Many organisations are exploring alternative technologies that promise substantial reductions in cement's massive carbon footprint. There are two approaches: (1) reduce the carbon emissions from the firing process and (2) change the chemistry to create less CO2.

Cement kiln fuels ​

Reductions to the carbon footprint of cement could be readily achieved by switching over from non-renewable energy sources such as coal to renewables. Cement kilns are usually heated using hot gasses produced by combustion of kiln fuels, typically coal, coke, heavy fuel oil, and natural gas. Alternative fuels (AF) such as used car tyres, sewage sludge, chemical waste, and other unpleasant materials are also used. While none of which could be considered environmentally friendly and all of which contribute to global warming, they produce less CO2 than pure fossil fuels.

Alternative cement chemistry

Many alternative cement chemistries have been investigated, though the most promising of these appears to be geopolymer cement. Geopolymer types of cement are aluminosilicate based.
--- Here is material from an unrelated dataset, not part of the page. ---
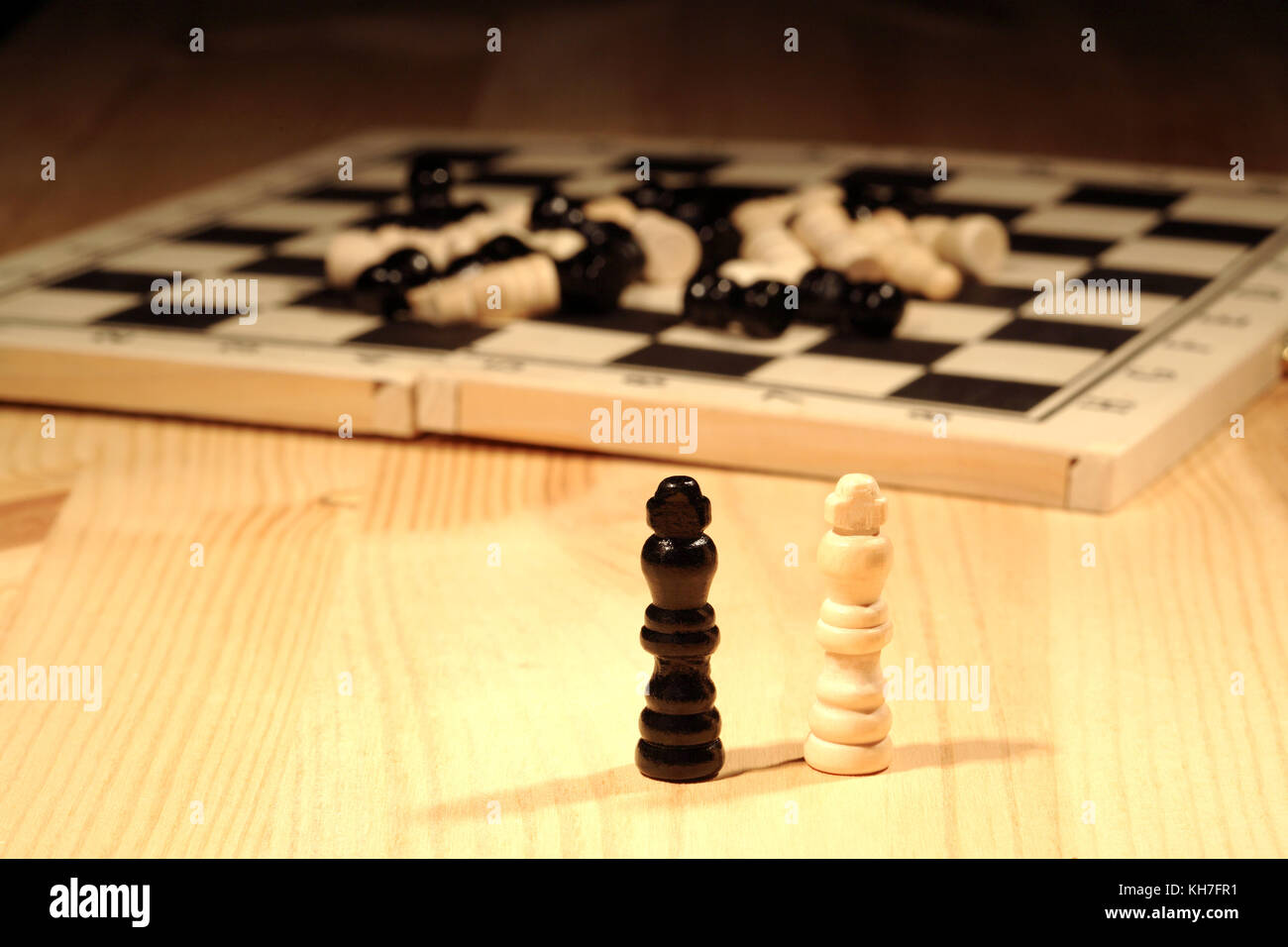 Chess concept. Two chessmen standing near chess board on wooden background Stock Photo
They are manufactured from industrial waste such as slag from blast furnaces and fly ash from coal-powered power stations. Extensive research is being carried out into the production of safe geopolymers that promise a massive decrease in CO2 emissions. Several such products are now on the market. 

One example is "Vertua – low Carbon Concrete" developed by Cemex. The product uses geopolymers to achieve dramatic CO2 reductions of up to 70%. The company is marketing it as "the UK's first net-zero ready mixed concrete" but make net-zero carbon only by offsetting the 30% CO2 that they cannot remove from the process. CEMEX provides carbon offsetting by investing in projects that remove CO2 from the atmosphere, for instance, tree planting and fighting deforestation. This tactic means the company can provide clients with a carbon-neutral certificate.